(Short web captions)
━━━━━━━━━━━━━━━━━━━━━━━━━━━━━━
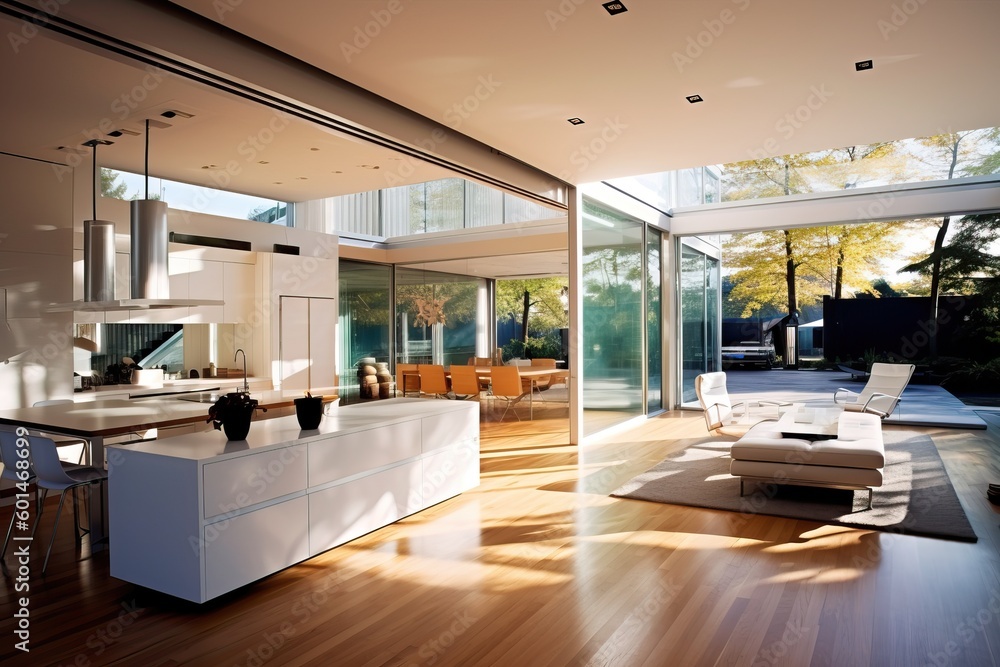 Fototapeta premium An open plan kitchen and living space in a modern, sleek style, generative AI
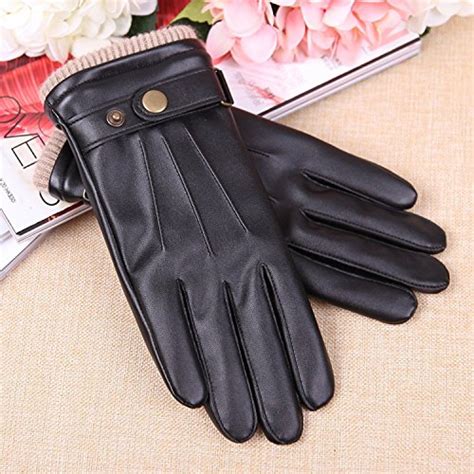 Warmen Mens Touchscreen Texting Winter Pu Faux Leather Gloves Driving Long Fleece Lining Black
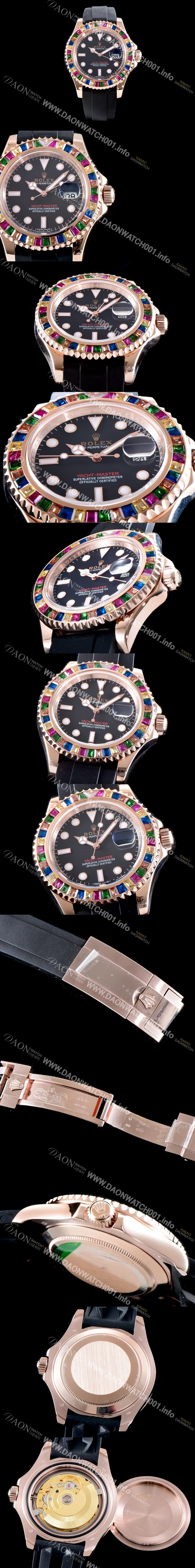 미러급 로렉스 남성용 최신버전 UP!! 요트마스터 116695SATS 레인보우 바게크 컷 세팅 베젤 블랙 다이얼 오이스터 플렉스 스위스 ETA 2824-2 오토매틱 무브먼트 ROL0050 Ⅳ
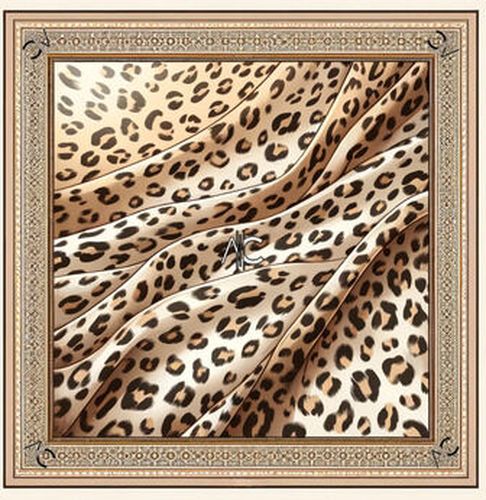 Echarpe Grand carré de soie Original Leopard Zoé Rose - Alberto Cabale - Modalova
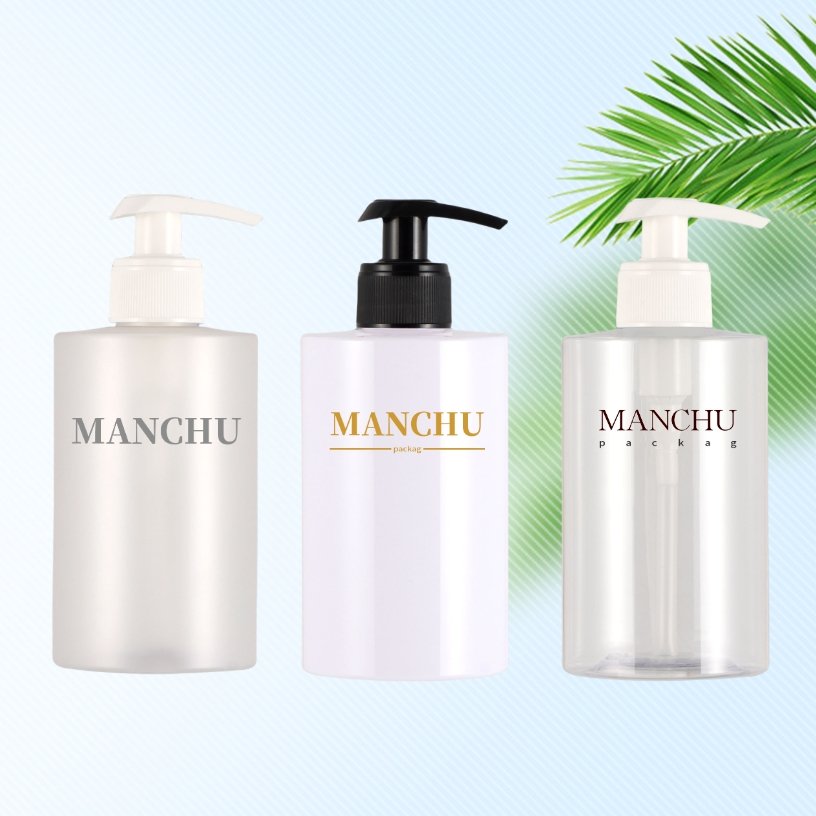Luxury 500ml frosted clear circle men shower gel bottle 300ml glossy white shower gel baby bottle with bamboo cap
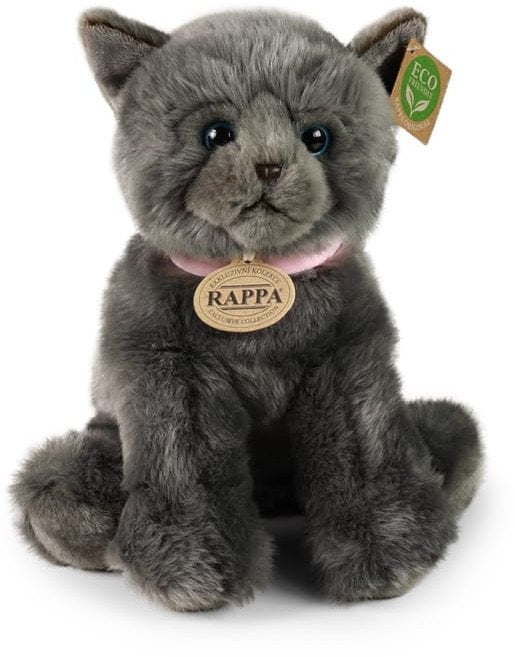 Rappa - Pluszowa maskotka siedzący szary Kot 25 cm Eco-Friendly
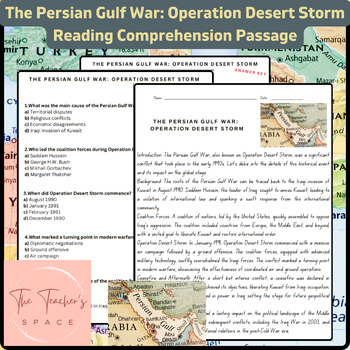 Preview of The Persian Gulf War: Operation Desert Storm Reading Comprehension Passage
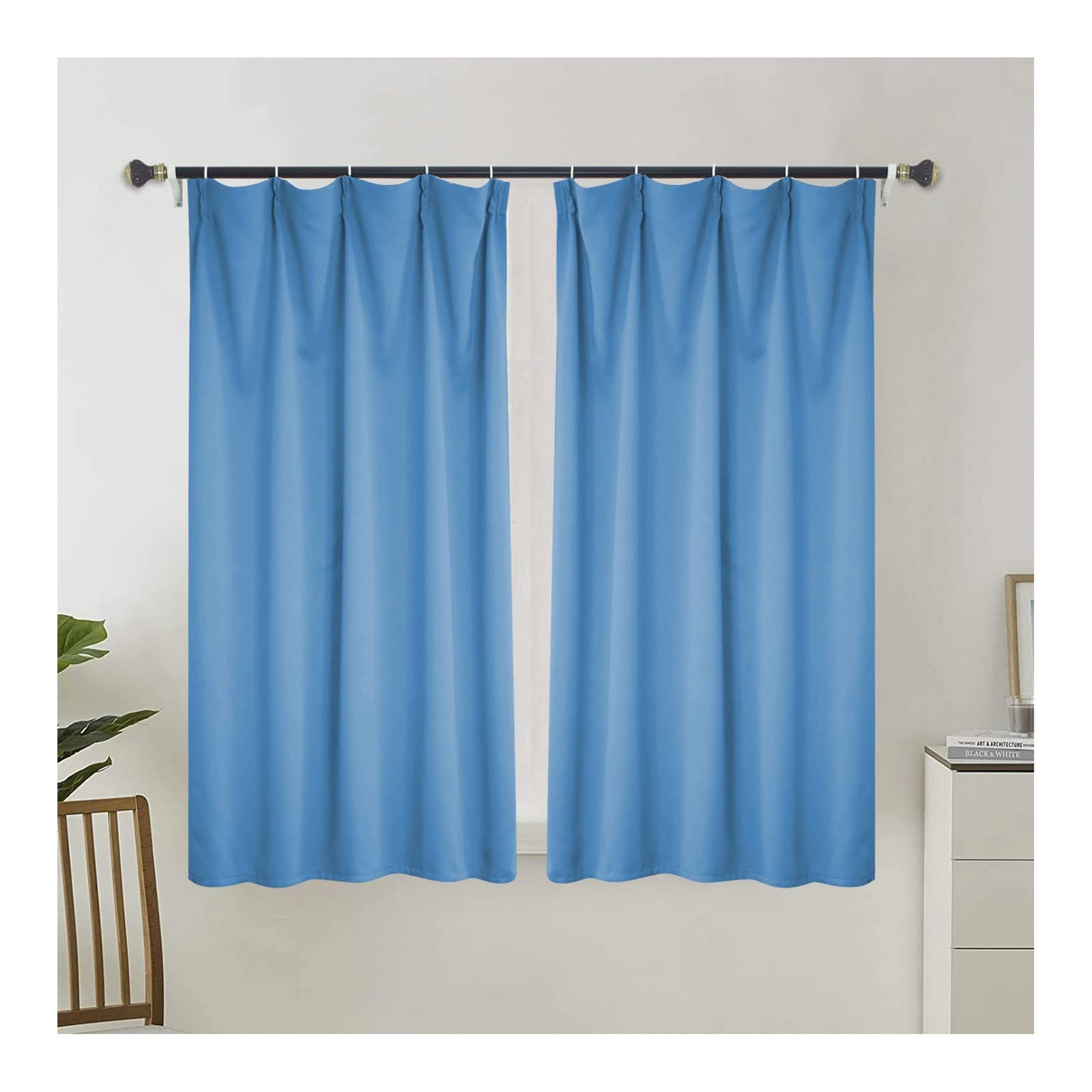 Rideaux occultants bleus 200x110cm en polyester uni moderne pour fenêtres de salon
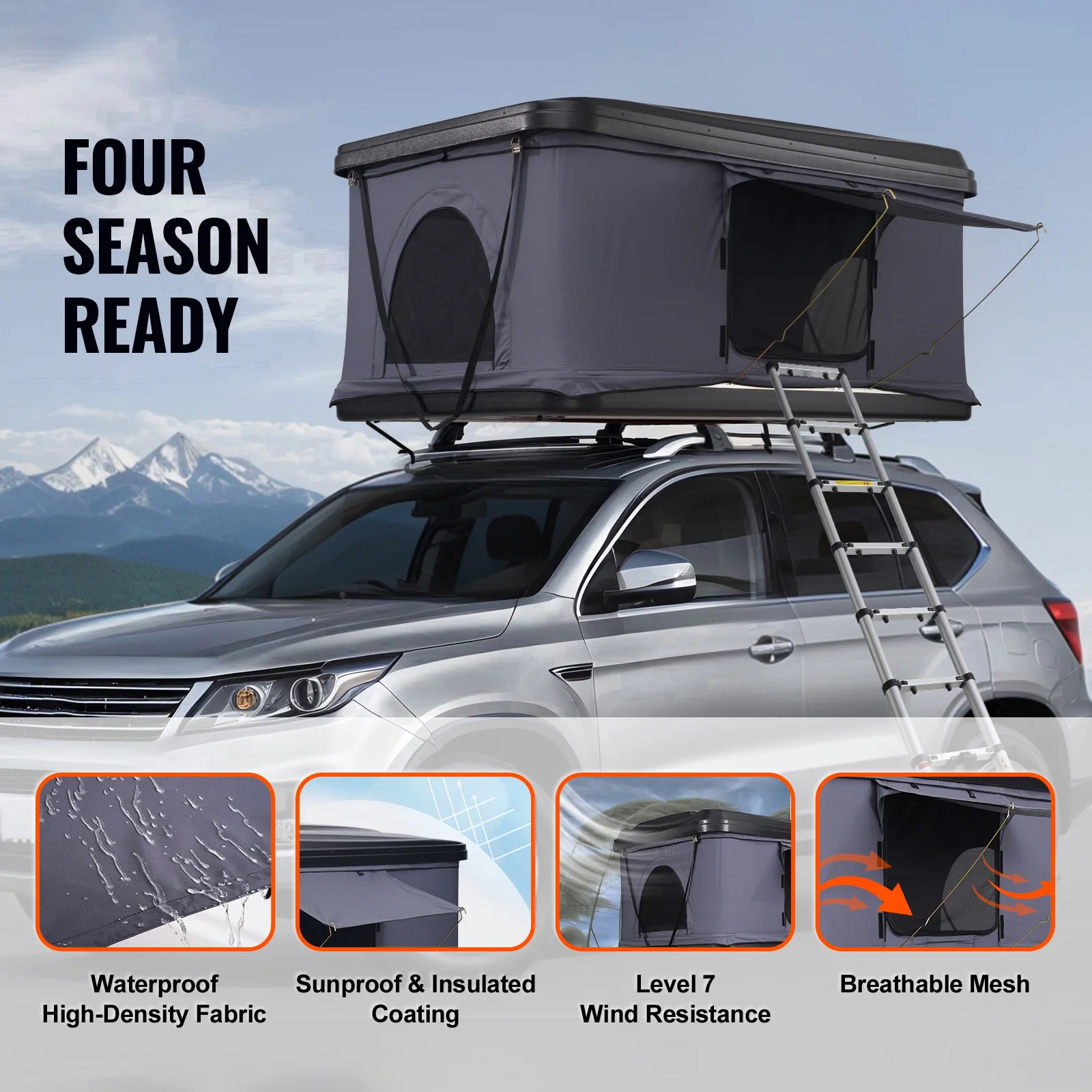 Hard Shell Rooftop Tent, Naturnest Model for 2-3 People, Includes Thick Mattress and Telescopic Ladder, Waterproof and Windproof, Suitable for Jeep, SUV, Van, and Pickup Trucks - Image 8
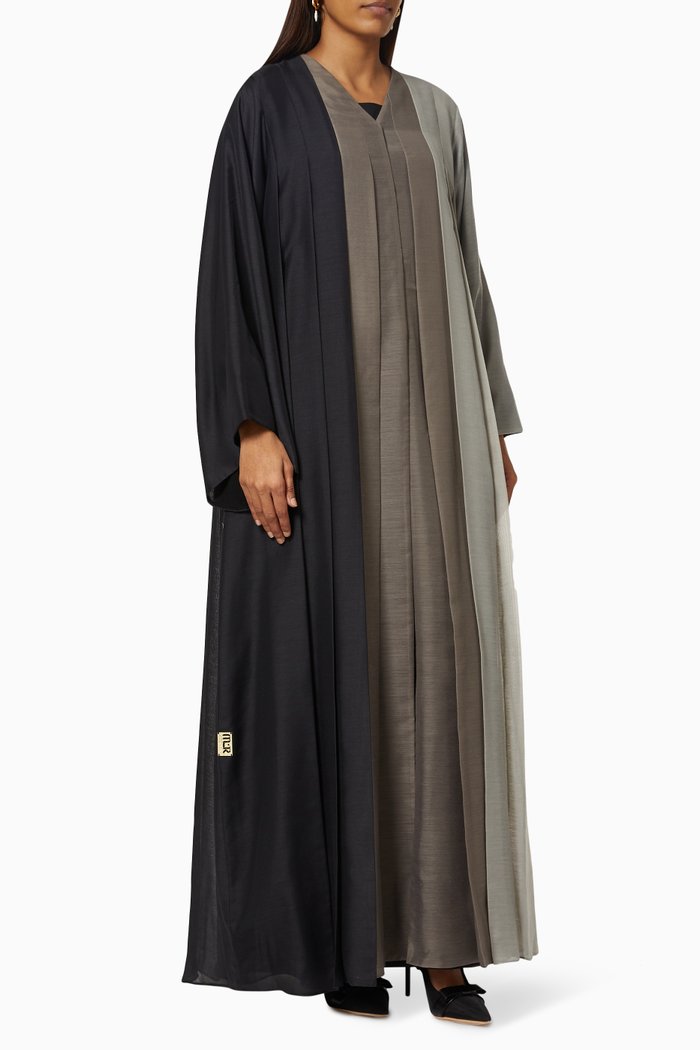 

Three Tone Pleated Abaya, Multicolour
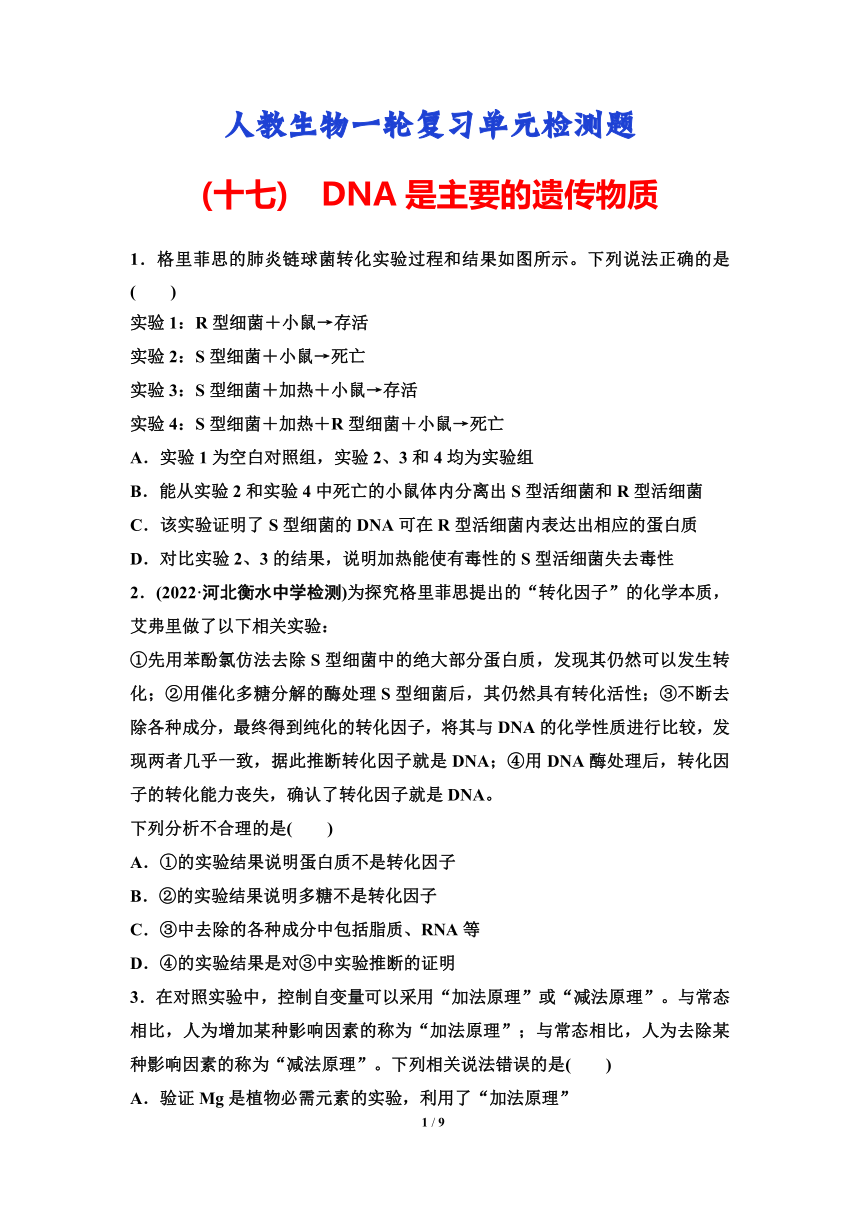 人教版（2019)高中生物一轮复习检测题：专题17　DNA是主要的遗传物质（含解析）
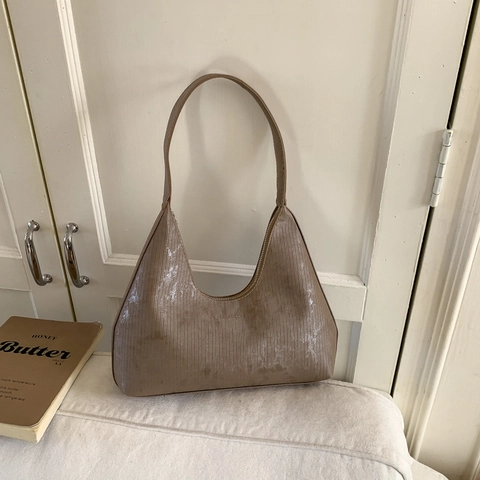 Vintage Underarm Hobo Bag Women PU Leather Vertical Ribbed Texture Metallic Minimalist Simple Crescent Shoulder Bag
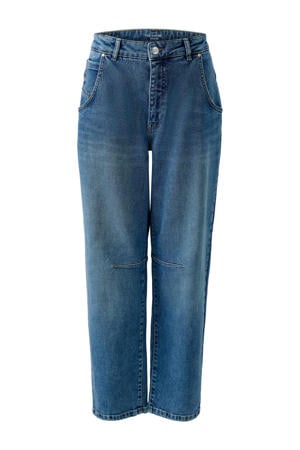 high waist barrel jeans medium blue denim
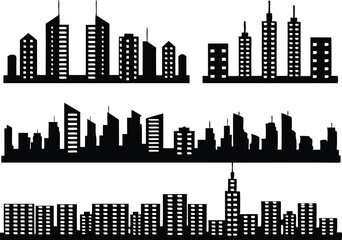 Vector Illustration of Black City Skyline Silhouettes,black and white skyline silhouette of modern city skyscrapers, realistic urban cityscape, Night town skylineicons, Set of black city silhouette,Ai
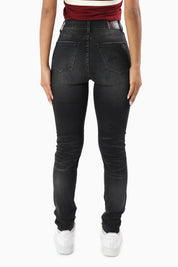 High Rise Rip Off Skinny Pants - Nightfall Black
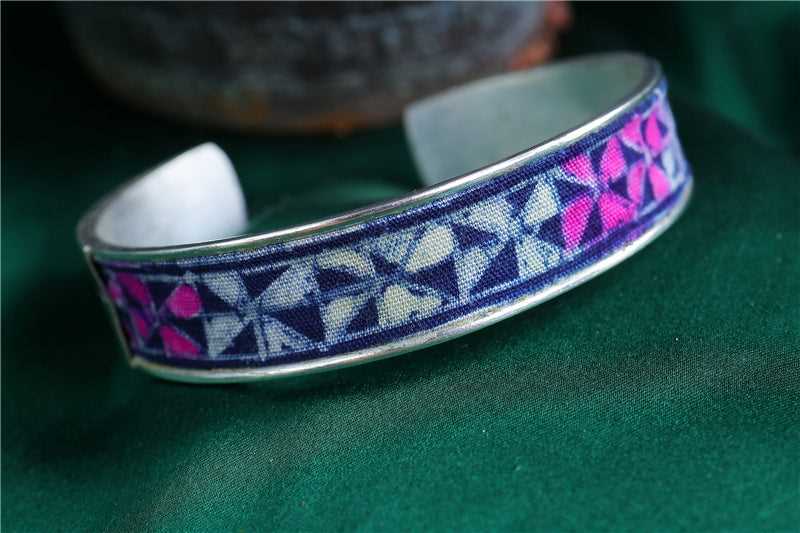 Miao Silver Bracelet with Plant Blue Dye Batik Design #131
━━━━━━━━━━━━━━━━━━━━━━━━━━━━━━
The expected output is every entry above, character for character, with no pictures.

 Fototapeta premium An open plan kitchen and living space in a modern, sleek style, generative AI
 Warmen Mens Touchscreen Texting Winter Pu Faux Leather Gloves Driving Long Fleece Lining Black
 미러급 로렉스 남성용 최신버전 UP!! 요트마스터 116695SATS 레인보우 바게크 컷 세팅 베젤 블랙 다이얼 오이스터 플렉스 스위스 ETA 2824-2 오토매틱 무브먼트 ROL0050 Ⅳ
 Echarpe Grand carré de soie Original Leopard Zoé Rose - Alberto Cabale - Modalova
Luxury 500ml frosted clear circle men shower gel bottle 300ml glossy white shower gel baby bottle with bamboo cap
 Rappa - Pluszowa maskotka siedzący szary Kot 25 cm Eco-Friendly
 Preview of The Persian Gulf War: Operation Desert Storm Reading Comprehension Passage
 Rideaux occultants bleus 200x110cm en polyester uni moderne pour fenêtres de salon
 Hard Shell Rooftop Tent, Naturnest Model for 2-3 People, Includes Thick Mattress and Telescopic Ladder, Waterproof and Windproof, Suitable for Jeep, SUV, Van, and Pickup Trucks - Image 8

Three Tone Pleated Abaya, Multicolour
 人教版（2019)高中生物一轮复习检测题：专题17　DNA是主要的遗传物质（含解析）
 Vintage Underarm Hobo Bag Women PU Leather Vertical Ribbed Texture Metallic Minimalist Simple Crescent Shoulder Bag
 high waist barrel jeans medium blue denim
 Vector Illustration of Black City Skyline Silhouettes,black and white skyline silhouette of modern city skyscrapers, realistic urban cityscape, Night town skylineicons, Set of black city silhouette,Ai
 High Rise Rip Off Skinny Pants - Nightfall Black
 Miao Silver Bracelet with Plant Blue Dye Batik Design #131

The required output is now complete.